Categories: Exploring, Hiking, Music, Reflections, Scotland, Self Guided Tours, Uncategorized, Unusual Experiences | Tags: , , , , , , , , , , , , , , , , , , | 3 Comments

Raglan, Waitomo Caves and Hamilton, New Zealand

Even though we’re only a few days in, our time in New Zealand continues to be as wonderful as the sites have been breathtaking. We’re quickly learning that this is a country of boundless natural beauty. Without hyperbole, this land is simply stunning. We had an opportunity to see a good portion of it first hand today. Our third full day here was made up of a trip to scenic falls, a windy drive, a guided tour through the spectacular and legendary Waitomo glow worm caves and an evening with the most hospitable and welcoming couple in New Zealand, if not the Southern Hemisphere.

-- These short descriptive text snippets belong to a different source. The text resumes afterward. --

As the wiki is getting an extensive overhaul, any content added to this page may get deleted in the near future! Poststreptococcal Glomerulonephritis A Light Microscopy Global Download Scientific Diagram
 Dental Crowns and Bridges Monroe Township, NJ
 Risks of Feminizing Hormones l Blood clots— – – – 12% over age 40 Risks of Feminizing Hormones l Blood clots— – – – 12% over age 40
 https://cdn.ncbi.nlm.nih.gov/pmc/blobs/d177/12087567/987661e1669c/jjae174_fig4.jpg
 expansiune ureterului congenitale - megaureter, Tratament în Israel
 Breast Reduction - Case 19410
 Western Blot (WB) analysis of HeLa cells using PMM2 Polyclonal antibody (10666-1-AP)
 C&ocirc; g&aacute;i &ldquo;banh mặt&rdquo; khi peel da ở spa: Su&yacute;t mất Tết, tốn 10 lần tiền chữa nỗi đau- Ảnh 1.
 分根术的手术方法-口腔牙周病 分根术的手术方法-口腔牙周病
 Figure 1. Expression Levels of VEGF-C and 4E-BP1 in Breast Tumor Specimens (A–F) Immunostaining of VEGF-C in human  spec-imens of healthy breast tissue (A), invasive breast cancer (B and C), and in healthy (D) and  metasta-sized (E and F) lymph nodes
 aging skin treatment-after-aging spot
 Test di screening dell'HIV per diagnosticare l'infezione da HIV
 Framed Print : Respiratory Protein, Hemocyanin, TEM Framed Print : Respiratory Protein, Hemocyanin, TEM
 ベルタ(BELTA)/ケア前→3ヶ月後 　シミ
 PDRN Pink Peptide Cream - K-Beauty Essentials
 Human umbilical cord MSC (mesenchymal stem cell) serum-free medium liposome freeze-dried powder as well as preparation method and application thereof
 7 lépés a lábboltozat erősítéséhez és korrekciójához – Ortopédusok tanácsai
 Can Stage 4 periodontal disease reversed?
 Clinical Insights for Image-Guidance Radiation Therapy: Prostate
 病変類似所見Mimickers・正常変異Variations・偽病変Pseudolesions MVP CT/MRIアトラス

We left Raglan bright and early after completing our recent routine of “Breakfast and Wi-fi” at a local cafe. The locals were celebrating The Chiefs big rugby win last night. We’re also picking up on the friendly rivalry between New Zealanders and their nearest neighbors in Australia who are just “across the ditch” (the span of ocean separating the two countries). Every Kiwi we’ve spoken with has beamed with pride when they remark that New Zealand is 14th overall in the 2012 Olympic medal count while those Aussies only have a single gold medal to their name. Funny.

One note on internet access: Every single business we’ve encountered so far is a bit peculiar about their Wi-Fi. No one has true “free” Wi-Fi. With any purchase, you receive a code that gets you online for a set amount of data (50 mb) or time (1 hour). This is a bit hard to get used to.

From Raglan, we drove a short distance to the scenic Bridal Veil Falls. After a short voyage down a windy road (oh, have we driven on some windy roads far) and an easy 10 minute hike, we were greeted with the amazing site of water streaming 150 feet to the small limestone pool below. Quite the way to start a day of travel and siteseeing. Amazing. Less amazing was the twisting, slow-going gravel road that we then had to drive on for about 45 minutes. Were we lost? Did we take the wrong road? No, that’s just the way the path goes. White knuckle, can’t-see-around-the-next-corner driving indeed. A challenging, but interesting drive. And as bonus, there were picturesque sheep and friendly cows alongside the road to greet us. And we had the enjoyably music coming from New Zealand radio. Worth mentioning that the “Pop Hits of Today” in New Zealand are pretty much the same as the “Pop Hits of Today” in the United States. Maroon 5, Gotye, Katy Perry, and Fun. have all graced the spaceship’s radio to say hello.Our spaceship wound its way up and down hills and around small mountains as part of an incredibly scenic drive. Around each corner was another bucolic, green and sensational view. I’ve really never seen anything like it.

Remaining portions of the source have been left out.